One focus of his work is the temporal depiction of selected places. For some projects, he has constructed specialised devices to capture images. Multiple films were shot in stereoscopic 3D, on 16mm, 35mm as well as on 70mm film.

Another strand of his work is the analysis of cinematic language with the means of found-footage film. In 2017, Johann Lurf published his feature-length film with the title ★, a film compilation which consists of clear starry night skies from film history exclusively. The excerpts have not been modified in their images, sounds or duration - only arranged in chronological order. The film has been expanded with additional material in later versions.
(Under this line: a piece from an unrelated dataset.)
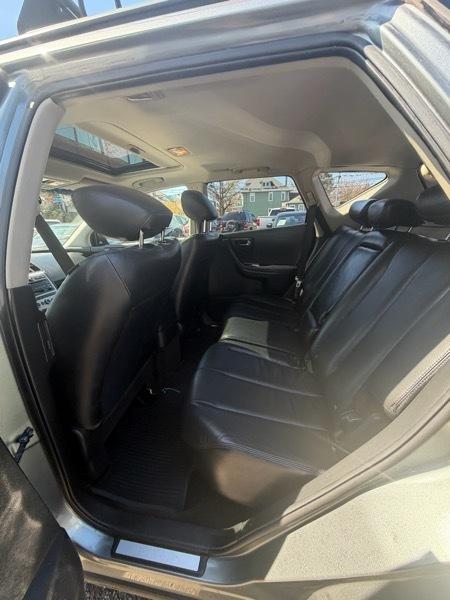 Nissan Murano SL AWD 2007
In 2022, he was involved in the publication of the book Stargazing in Cinema, which accompanies the film ★.

His work has been shown in exhibitions at the Kunsthaus Graz, Kunsthaus Zürich, the Los Angeles County Museum of Art, the MAK Center for Arts and Architecture in Los Angeles as well as the Vienna Secession.
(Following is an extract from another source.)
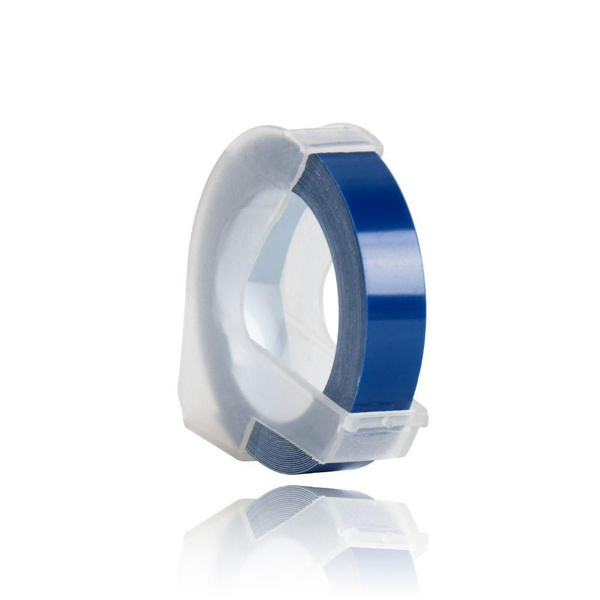 Лента Dymo 3D-тисненые наклейки для 3D 9-миллиметровой маркировки Dymo ...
His films premiered in programmes including Berlinale Forum Expanded, the Locarno Film Festival, the Sundance Film Festival, and the Viennale. Showcases of his films were presented at the Anthology Film Archives in New York, the Austrian Film Museum, Los Angeles Film Forum, the mumok Kino in Vienna and the Viennale, among others.

His film work is being distributed by sixpackfilm in Vienna, Light Cone in Paris and the Chicago Film Society.

== Work list (selection) ==

- Forever...Forever (2026) 21 minutes 70mm & 35mm
- Revolving Rounds (2024) with Christina Jauernik, 11 minutes 35mm / 3D
- Stargazing in Cinema (2022) 208 pages
- Cavalcade (2019) 5 minutes 35mm / 3D
- Earth Series (2017) with Laura Wagner, collages
- ★ (2017) 130 minutes (version 2025)
- Capital Cuba (2015) 12 minutes 35mm / 3D
- EMBARGO (2014) 10 minutes 3D
- Twelve Tales Told (2014) 4 minutes 35mm / 3D
- Pyramid Flare (2013) 5 minutes 35mm Vertical Cinema
- Picture Perfect Pyramid (2013) 5 minutes 16 mm
- RECONNAISSANCE (2012) 5 minutes
- A to A (2011) 5 minutes 35 mm / 3D
- Endeavour (2010) 16 minutes
- The Quick Brown Fox Jumps Over the Lazy Dog (2009) 3 minutes 35mm
- 12 Explosions (2008) 6 minutes
- VERTIGO RUSH (2007) 19 minutes 35 mm
- pan (2005) 2 minutes
- (ohne Titel) (2003) 3 minutes

== Awards (selection) ==

- Honorable Mention (Short Film) Pardo Verde, Locarno Film Festival (2024)
- Lewis Baltz Research Fund, Le Bal Paris (2019)
- Diagonale – Prize for Innovative Cinema (2018)
- State Grand für Video- and Media Art (2011)
- Diagonale – Prize for Innovative Cinema (2008)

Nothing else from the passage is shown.